Truth panel will call Nigeria’s strongmen to account

Nigeria is to investigate the sins of its military past in an unprecedented attempt to curb the power of the generals who have ruled for most of the years since independence.

The creation of a truth commission, along with the announcement that the government is slashing the army by almost half and sacking 150 top officers, has sent shock waves through the senior ranks of Africa’s most powerful military.

President Olusegun Obasanjo, the former military ruler who took office on May 29 after democratic elections, has told Western diplomats he is committed to cracking down on his former colleagues, insisting “there will be no sacred cows”.

The so-called Oputa Panel is modelled on the Truth and Reconciliation Commissions set up in South Africa to investigate human rights abuses during the apartheid era and those of Chile and Argentina to examine the activities of military regimes. Headed by Justice Chukwudifu Oputa, Nigeria’s most respected judge, the seven-member panel began hearings last week and will spend the next year investigating alleged torture and killings carried out by Nigeria’s various military regimes since 1976.

Most of the focus is expected to be on Gen Sani Abacha who held power from 1993 until his sudden death last year and is generally agreed to have been the country’s most repressive ruler, particularly through his secret police, called “the Gestapo”.

President Obasanjo will be in the unusual position of being both answerable to the panel as military ruler between 1976 and 1979 – and able to appeal to it as a victim, having spent two years in jail under Gen Abacha.

Already thousands of submissions are pouring in, including such high profile cases as the hanging of Ken Saro Wiwa, the playwright, and eight other Ogoni activists in 1995 and the death last year in detention of Moshood Abiola, the winner of the annulled 1993 elections, who was locked up by Gen Abacha after declaring himself president.

The largest number of cases to date have come from the Niger Delta, the country’s main oil-producing region, which has been under de facto military occupation in recent years because of unrest from tribes fighting for a share in the country’s oil income. Several British oilworkers have been kidnapped in the Delta over the last year and last week one was killed.

So far the Movement for the Survival of the Ogoni People (Mosop), one of the most prominent Delta tribes, has presented 8,000 cases in graphic detail of shooting, killing, raids on villages in which villagers were randomly shot, raped and assaulted. One incident described how a senior military officer personally ordered the shooting to death of a 14-year-old disabled boy at point blank range.

“We are asking the panel to recognise the degree to which the government of Gen Abacha instituted a reign of terror against a peaceful population,” said Ledum Mitee, Mosop’s acting president. “The record we present is one of soldiers shooting law abiding citizens, looting property, detaining individuals at will and torturing those it suspected of being Mosop activists.”

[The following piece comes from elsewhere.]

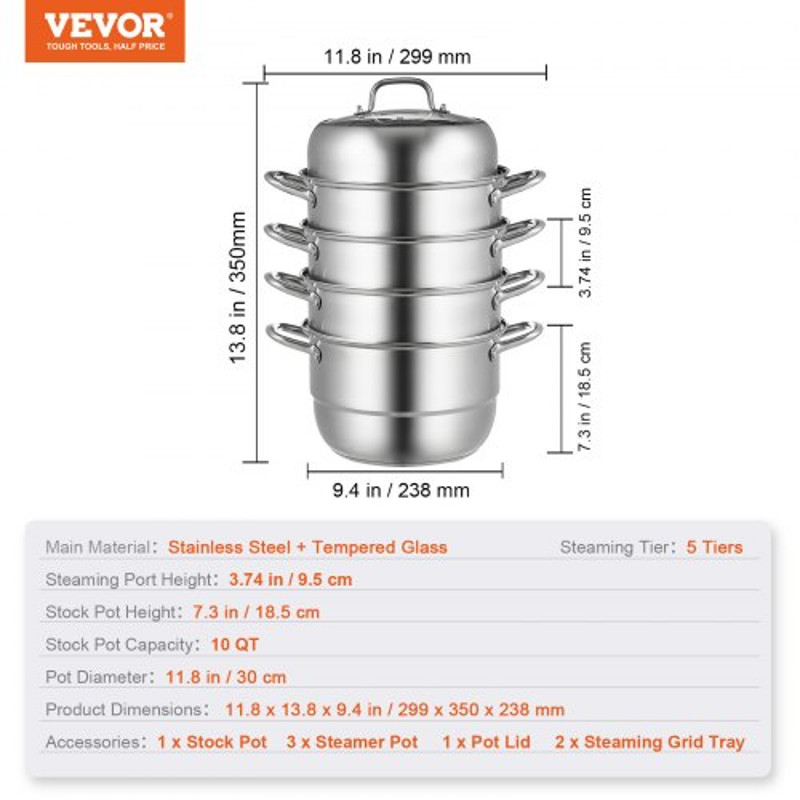 5-Tier Stainless Steel Dumpling Steamer Pot – 30cm/11.8 Dia, Works with Gas & Electric Stove Top.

Kayode Fayemi, the director of the London-based Centre for Democracy and Development, which is advising the Truth commission, said: “It’s important for the country to go through this process if we are not to repeat the same endless cycle of impunity.

“This is being watched carefully all over west Africa”.

But the panel has no institutional status and critics say it is not clear what powers it will have and whether it could ever result in prosecutions. The issue of whether or not to offer amnesty to those who come forward to admit abuses is still being discussed. “It needs to be an exercise in truth telling rather than revenge seeking,” Mr Fayemi said.

Many witnesses do not have the money to travel to Abuja where the commission is based, or to meet the requirement of producing 10 copies of each case submitted. Olua Kamalu from Mosop said last week: “The peasant economy of Ogoni will collapse if we do so much photocopying.”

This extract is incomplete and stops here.